As a Government we want to see a country, we want to see Australia be a nation that is productive and competitive, competitive globally, a nation that is innovative and aspirational, one that it is as we have been for so long at the forefront of development in so many different ways. And it’s something that we are committed to ensuring our policy settings try to create the right atmospherics to deliver on those objectives. We are conscious that it is not government that delivers innovation necessarily, it’s not government that delivers productivity, it’s not government that creates the type of competitive and aspirational sense in the country, it is the people in enterprise, the people in business who do so much to make sure that as a country we can be a leading nation amongst the world. 

And we are a leading nation amongst the world and we should never forget that despite our relatively small population in global terms, we are a top 20 nation in so many different ways. A top 20 nation economically in terms of the size of our economy, a top 20 nation in terms of our outcomes – our education, on our health outcomes, our lifestyle, our living standards, the opportunities for Australians are engagement with the world. 

There are so many different ways as a nation we punch well above our weight in terms of size of country and make such a huge contribution to the rest of the world. And that has been the case throughout our country’s history and especially when it comes to matters of innovation when you consider of course the contribution of Australian scientists of Australian Nobel Laureates and others to the development of so many different technologies and innovations throughout the world. 

Whilst technology is usually and innovation is usually associated more with economic outcomes, we recognise, Greg Hunt the Environment Minister and I as his Parliamentary Secretary recognise very much that innovation is equally critical and important to how it is that we manage both our natural and built environment and continue to protect that well in to the future. 

In so many different ways new technologies help environmental management outcomes. And we’ve seen from some of the finalists today summary of different ways in which they contribute and will contribute in to the future better environmental outcomes. 

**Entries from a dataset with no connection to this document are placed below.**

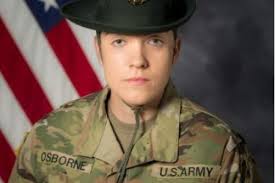 U.S. Army Drill Sergeants tell their personal story in the spirit of  Women's History Month- Part Four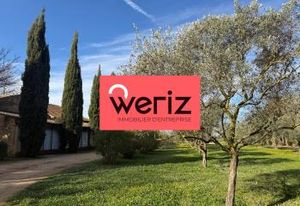 Location bureaux Aix-en-Provence - Cadre atypique bastide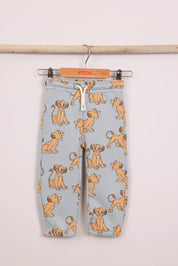 FOX תינוקות בנים פוטרים חליפת פוטר ממותגת מלך האריות חליפת פוטר ממותגת מלך האריות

Whether it is the preservation of our heritage assets and new technologies that have been developed over time to ensure we minimise the deterioration and preserve heritage assets whether they’re built, matters like we have in the great city like Sydney through to islands of heritage that date back tens of thousands of years. Like the challenge of keeping Aboriginal rock art intact in hostile climates and the ability of technology to help deliver outcomes that preserve such important parts of our natural heritage.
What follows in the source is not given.